Installing and Maintaining OSSEC Intrusion Detection System

INSTALLING AND MAINTAINING OSSEC INTRUSION DETECTION SYSTEM 

 

This is article is depreciated – please follow the site to get setup: https://ossec.github.io/downloads.html 

What is OSSEC HIDS?

OSSEC HIDS is an Intrusion detection system that is based on the server and agent paradigm. The agent communicates with the server against a set of rule IDs and alert levels and the server then takes actions such as emailing specified recipients warning messages, logging any suspicious activity and if it deems the risk to be great enough, blocking the IP address of any would be attacker for 10 minute periods. This is done after too many failed logon attempts and is accomplished by adding a deny rule to the iptables firewall and /etc/hosts.deny file of the suspicious IP address. Unfortunately, although there are agents available for Windows servers and workstations, this software does not have the ability to block IP addresses in the firewall as it is does with Linux servers. The rules are based on alert levels from 1-15, 1 being the least risk and 15 the most severe attack. The alert level then generally dictates what action the OSSEC server takes, although some rule ID’s do not behave in the generally anticipated way. This can be altered with exception files in the server configuration directory.

 

 

Installing the Server

Servers must be installed before agents as during the agent setup you are asked the IP address of the server.
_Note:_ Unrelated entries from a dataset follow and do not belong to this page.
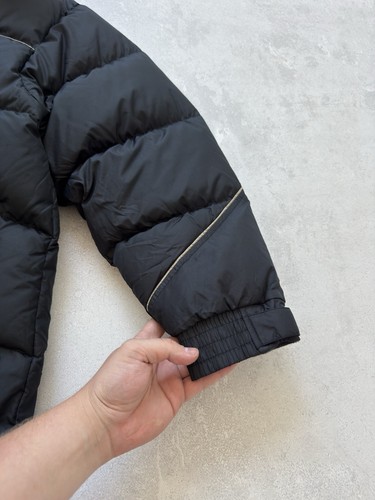 Vintage Nike 00s Puffer Black Down Jacket Fur Hood Warm Swoosh Logo Size S - Picture 12 of 24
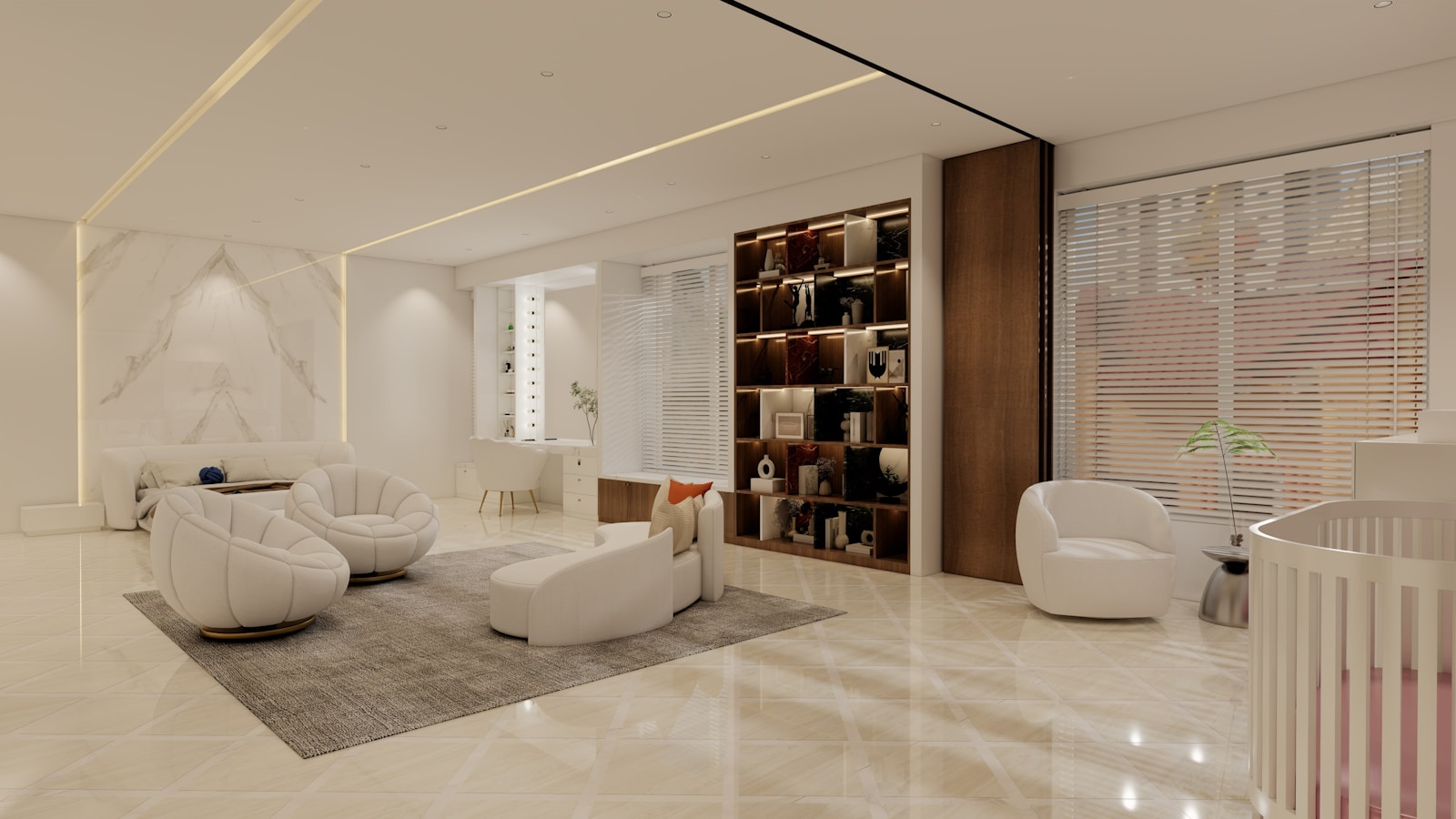 Elegant neutral-toned treatment setting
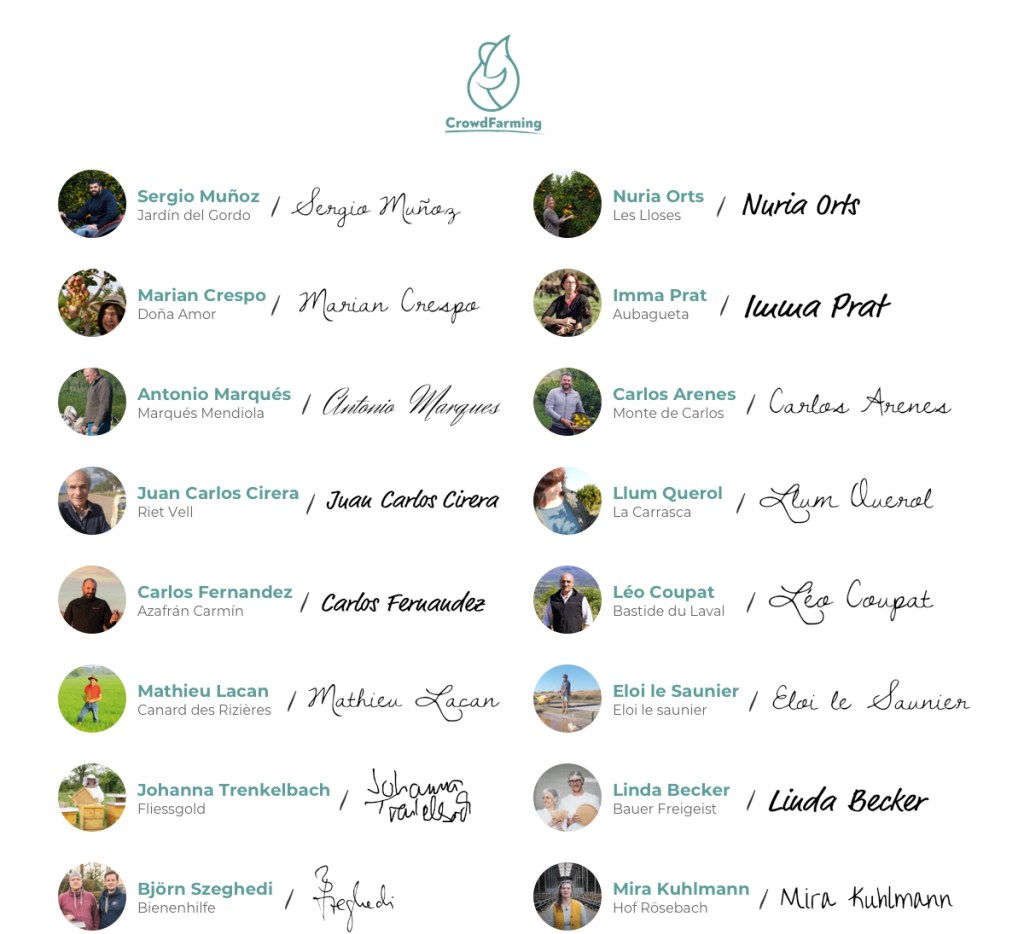 Manifeste signé par les agriculteurs de CrowdFarming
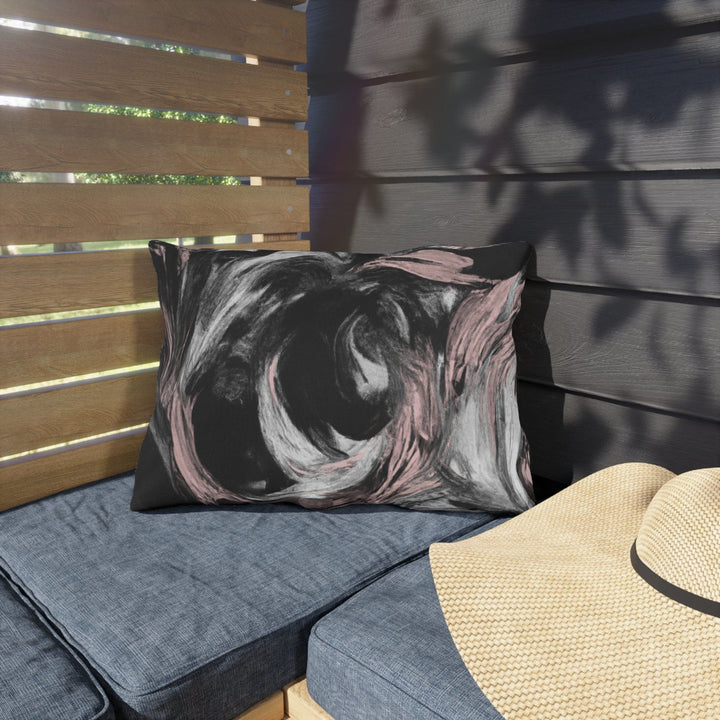 Decorative Indoor/outdoor Pillow Black Pink White Abstract Pattern - Decorative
Get the Atomic Repo from here – https://ossec.github.io/downloads.html

# Add Yum repo configuration
wget -q -O – https://updates.atomicorp.com/installers/atomic | sudo bash

# Server
sudo yum install ossec-hids-server

# Agent
sudo yum install ossec-hids-agent

 

NB> WUI is now depreciated and you should feed this data into your favourite log program – I prefer Graylog2.

 

In order to be able to see the website, you will also subsequently need to install the WUI (Web User Interface), the download of which can be found here:

 

Then start the server and ensures it starts automatically on restart by issuing the commands:

chkconfig ossec on
service ossec start

Installing the Agents

 

Follow the prompts accepting the defaults, specify agent as the installation type and put in the IP address of the server dependent on which network range you are on.

 

With windows just follow the prompts accepting the defaults and make sure the service is started and set to automatic.
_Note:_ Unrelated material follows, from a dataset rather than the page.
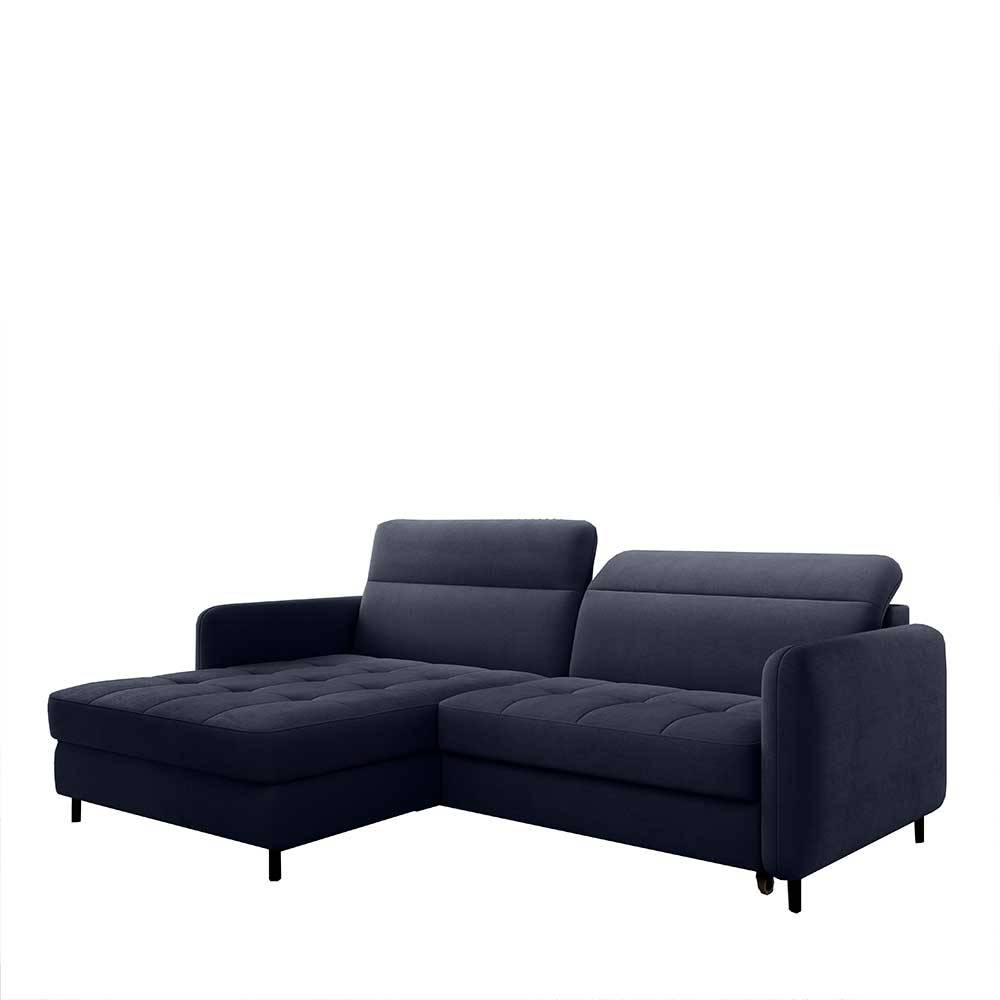 L-Design Schlafsofa in Dunkelblau Samt - Kingston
When you have installed the server and agent you are ready to add the agent to be managed by the server. On the server run the following commands:

cd /var/ossec/bin
./manage_agents

You will then have the option to add an agent by pressing A.

Put in the hostname, IP address and then accept the default number for the agent.
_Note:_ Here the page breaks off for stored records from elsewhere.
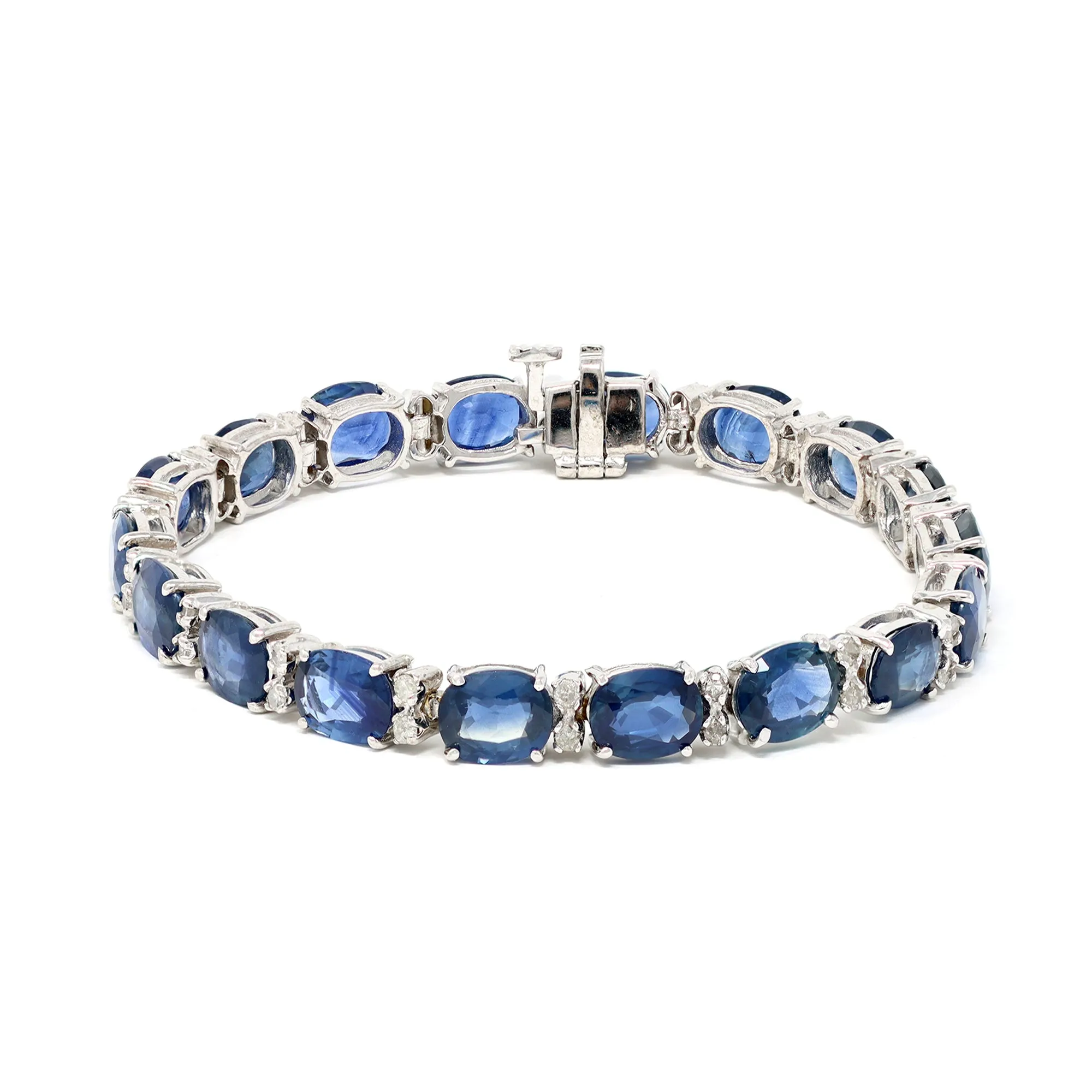 Natural Sapphire & Diamond Bracelet Set in 14K White Gold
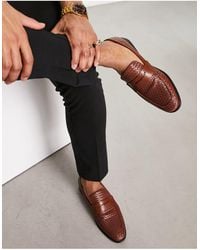 London Rebel - Faux Leather Woven Loafers - Lyst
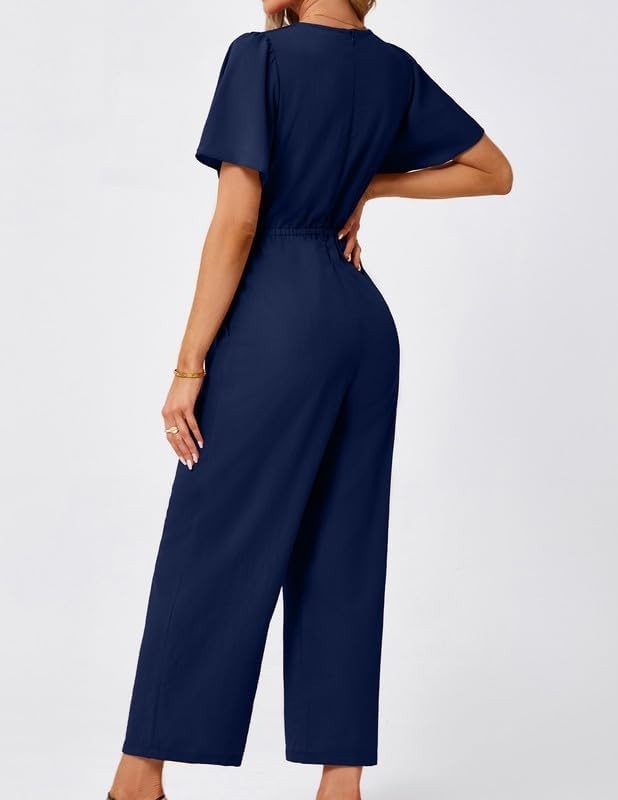 Womens Jumpsuits Wide Leg Jumpsuits Casual Dressy One Piece Outfits V Neck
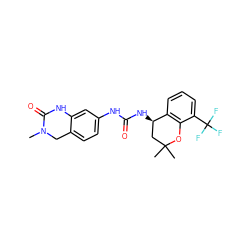 CN1Cc2ccc(NC(=O)N[C@@H]3CC(C)(C)Oc4c3cccc4C(F)(F)F)cc2NC1=O ZINC000143400625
You can then select E to extract an agent’s key. Copy the output, ready to paste it into the agent’s configuration.

To access the agent’s configuration, run the same two commands as the server. When you are in the manage agents interface, select I to import the key, then paste it in and press enter.

It will ask you if you accept the details – review them and then press y or enter.

Exit both server and agent Manage Agents Interface and then run the following commands on both:

./ossec-control restart

Within a minute or so you should see your new agent appear on the WUI in blue. If any hosts are red and say “inactive” you need to reactivate them.

Reactivating Inactive Agents

On the server, access the Manage Agents Interface and select R to remove a key. Select the number of the inactive host and the repeat the process of above setting up a new agent.